- **What you are asked to do**: Beginning at the line with "Birra 4 Luppoli", please repeat each line exactly through the end of the records below, including that first line and the last, but no pictures.

- **Available data**:
=== Begin Enclosure ===

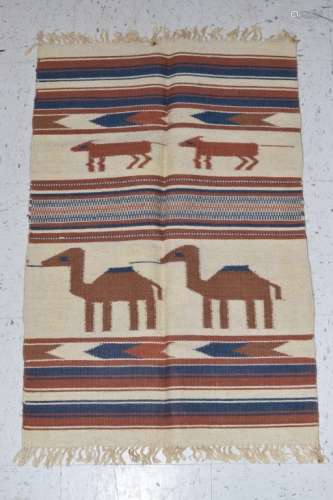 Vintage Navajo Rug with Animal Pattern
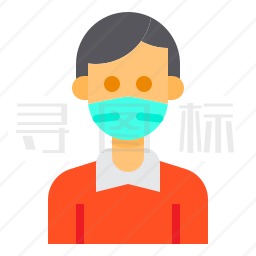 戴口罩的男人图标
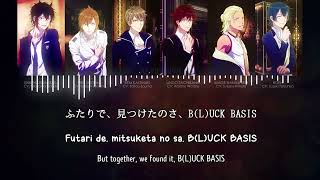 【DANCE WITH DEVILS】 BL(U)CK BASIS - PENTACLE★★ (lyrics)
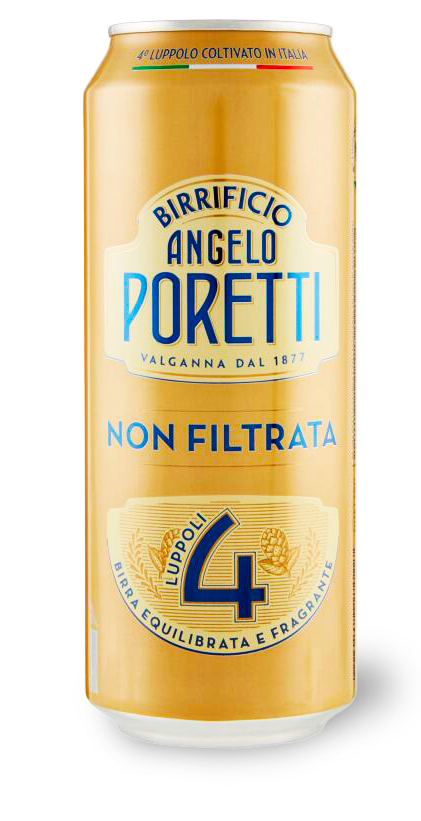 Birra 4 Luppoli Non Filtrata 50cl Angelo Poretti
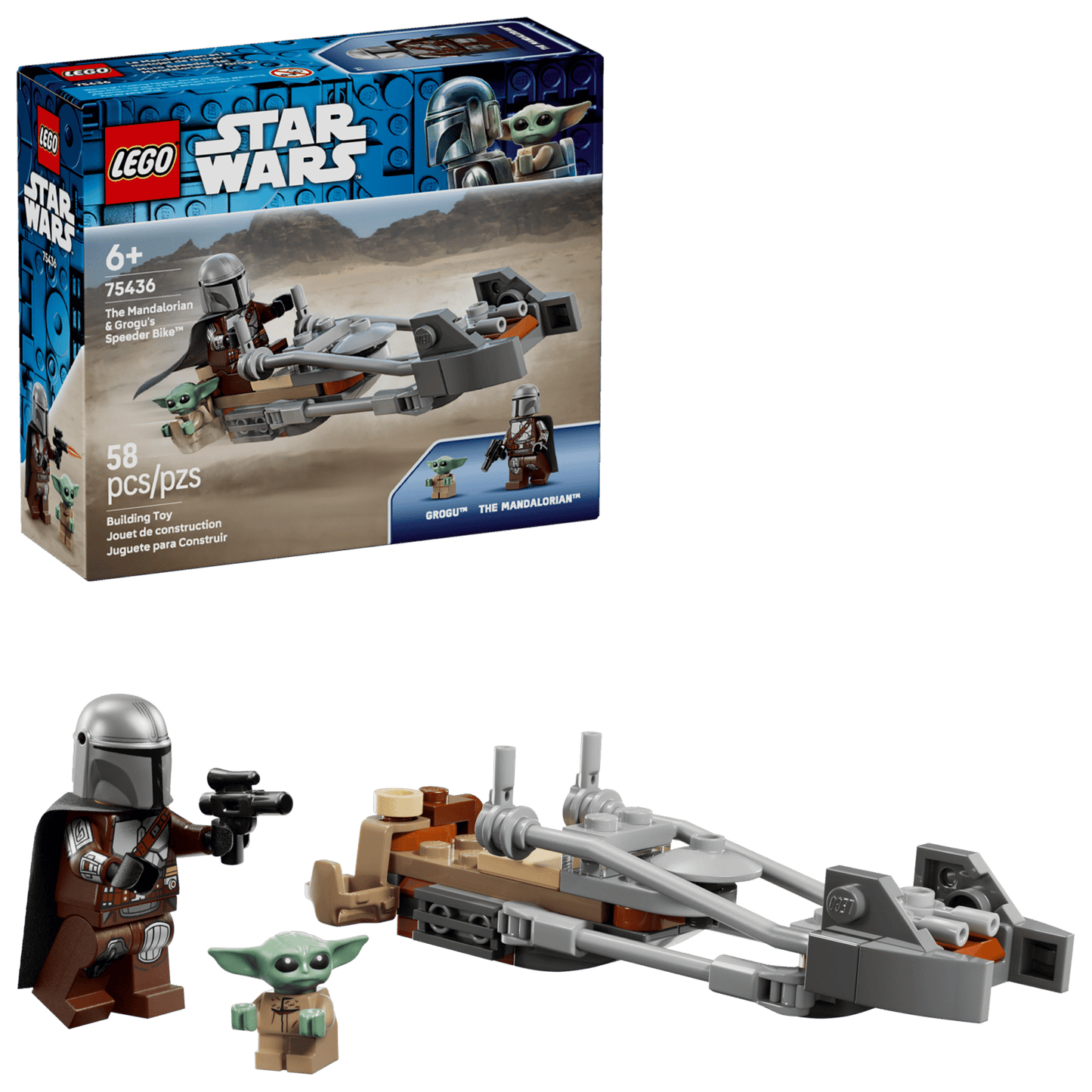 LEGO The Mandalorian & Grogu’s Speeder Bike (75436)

=== End Enclosure ===

- **Worked solution**:
 Birra 4 Luppoli Non Filtrata 50cl Angelo Poretti
 LEGO The Mandalorian & Grogu’s Speeder Bike (75436)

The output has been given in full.